**Provided entries**
━━━━━━━━━━━━━━━━

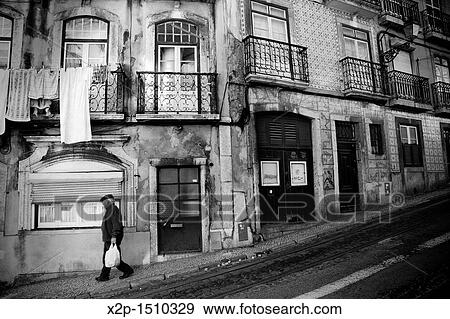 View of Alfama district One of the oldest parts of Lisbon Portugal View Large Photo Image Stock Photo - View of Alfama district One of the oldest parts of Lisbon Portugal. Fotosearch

━━━━━━━━━━━━━━━━

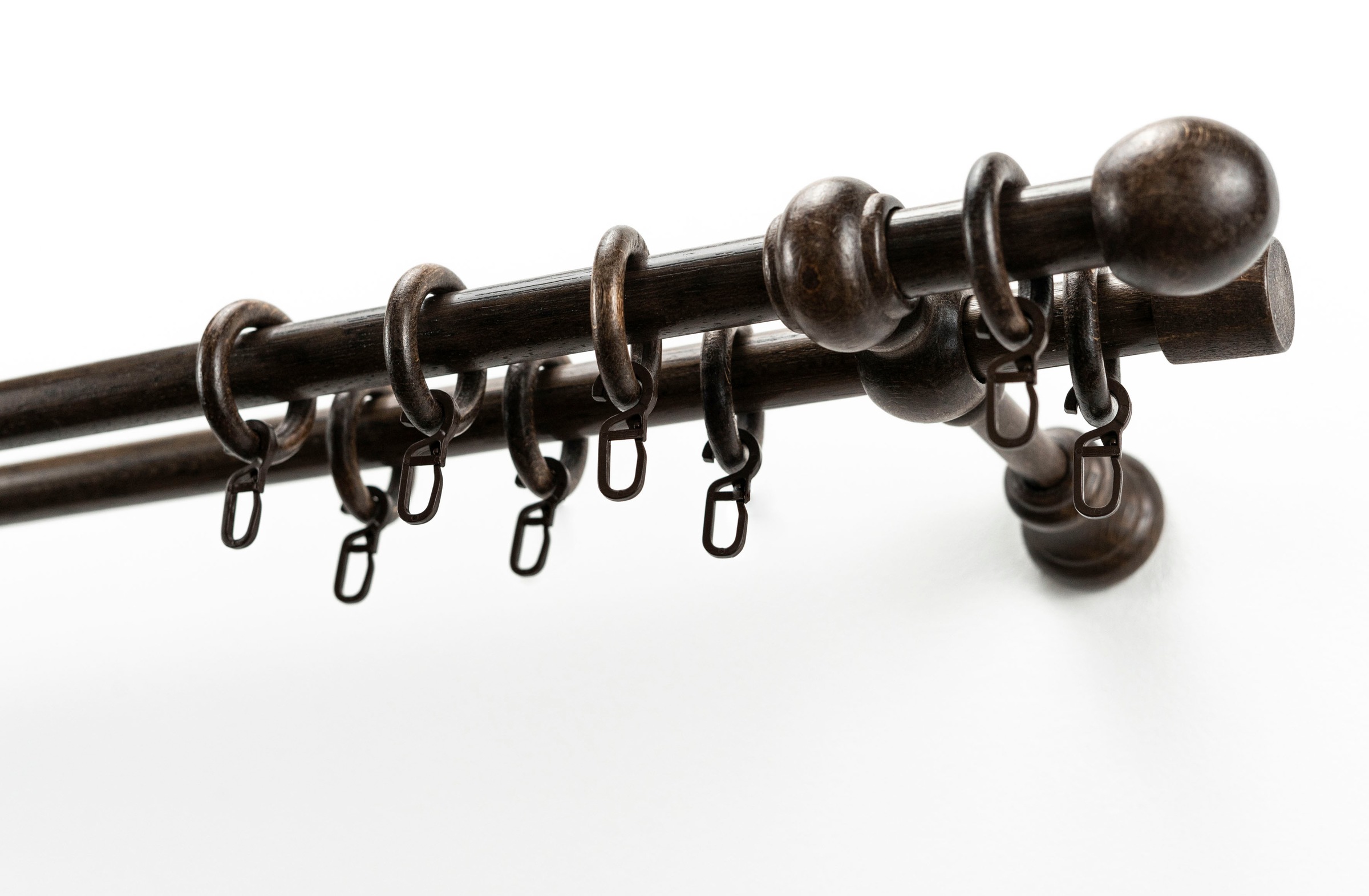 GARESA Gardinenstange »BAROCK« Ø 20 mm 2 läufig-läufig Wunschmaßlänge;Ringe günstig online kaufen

━━━━━━━━━━━━━━━━

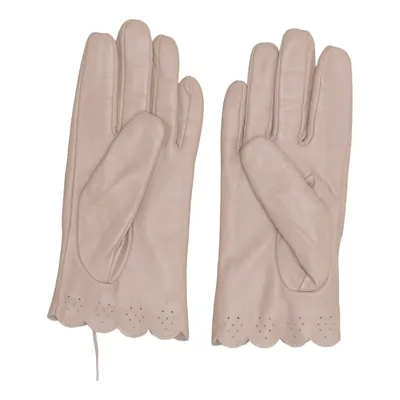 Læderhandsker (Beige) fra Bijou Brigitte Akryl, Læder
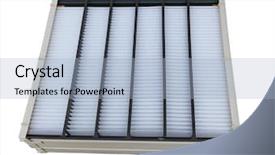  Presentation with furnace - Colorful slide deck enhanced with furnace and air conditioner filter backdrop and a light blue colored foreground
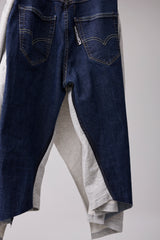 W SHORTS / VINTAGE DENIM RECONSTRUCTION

━━━━━━━━━━━━━━━━

In the material above, one part opens with the line containing "Presentation with furnace" and closes with the line containing "W SHORTS / VINTAGE DENIM RECONSTRUCTION". Write out that part exactly and skip its pictures.

**Expected answer**
  Presentation with furnace - Colorful slide deck enhanced with furnace and air conditioner filter backdrop and a light blue colored foreground
 W SHORTS / VINTAGE DENIM RECONSTRUCTION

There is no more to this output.